Diario al Día, Santiago- Una estudiante de 15 años resultó herida tras un ataque con piedra y arma blanca por otra compañera frente a la Escuela Enma Balaguer, en Santiago Oeste, generando conmoción en la comunidad educativa.
El incidente, ocurrido a la salida del centro escolar, sorprendió a la menor y a los presentes, tras una riña previa dentro del plantel que había generado tensión entre las estudiantes involucradas.
Los familiares se mostraron preocupados por la magnitud del ataque y sus consecuencias inmediatas.
“Le dieron una pedrada y la cortaron. La niña sangró muchísimo y quedó inconsciente. Si no hubiera sido por un señor que no conocemos y por otra compañera que la ayudó, no sabemos qué hubiera pasado”, relató Arias, tía de la adolescente.
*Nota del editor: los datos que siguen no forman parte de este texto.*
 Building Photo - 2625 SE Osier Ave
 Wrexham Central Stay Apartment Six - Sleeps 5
Esta declaración refleja la gravedad del hecho y la intervención oportuna de transeúntes y compañeros.
La menor fue trasladada a un centro de salud donde recibió los primeros auxilios. Presentaba una herida cortante, dolor intenso en cabeza y cuello, dificultad para caminar y abundante sangrado, permaneciendo actualmente bajo observación médica para asegurar su recuperación.
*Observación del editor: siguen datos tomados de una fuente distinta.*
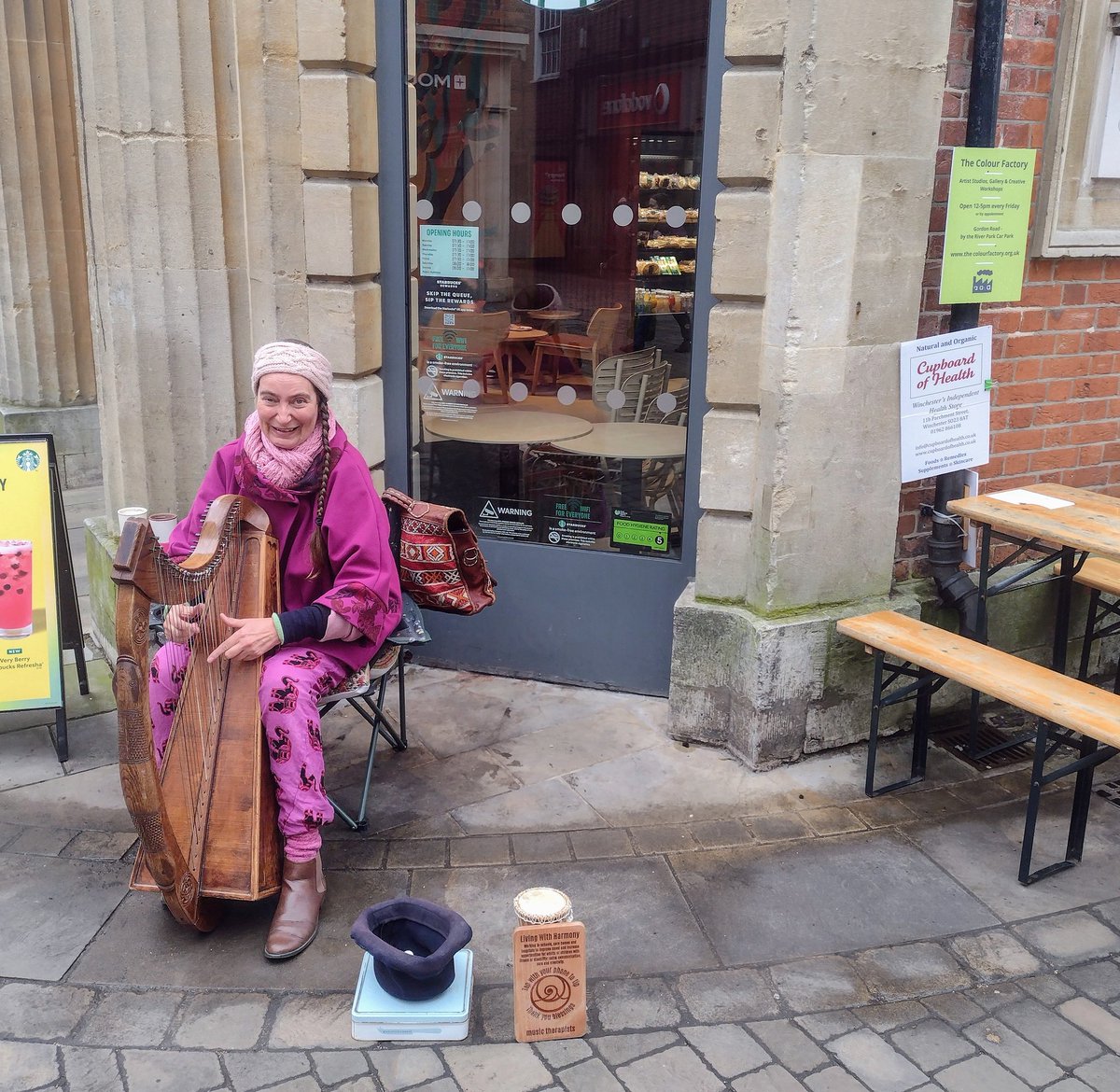 Hello Thursday 🎶🎩🙏 Out on the corner of Market Street today in wonderful Winchester. The market is on so come and say hello 👋✨🙏 #mhhsbd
Alexandra Arias cuestionó la actuación de la dirección y del personal del plantel, indicando que maestros y psicólogo afirmaron que el incidente ocurrió fuera del horario escolar y que ya habían notificado al 9-1-1.
“Dijeron que no tenían que ver con eso porque la niña había salido a las 11:15 y ellos estaban adentro”, señaló.
La familia denunció además que la adolescente era víctima de maltrato verbalrelacionado con una condición de salud previamente tratada, situación que había sido advertida a las autoridades sin obtener respuesta.
“La estaban molestando y no le hicieron caso. El maltrato verbal (bulying) pasa todos los días y nadie hace nada”, manifestó Arias, solicitando mayor vigilancia en los alrededores del plantel.
Hasta el momento, las autoridades educativas no han emitido un informe oficial sobre responsabilidades o sanciones.
Este hecho reabre la discusión sobre la seguridad escolar y la prevención de la violencia entre estudiantes, destacando la necesidad de protocolos más efectivos y seguimiento constante.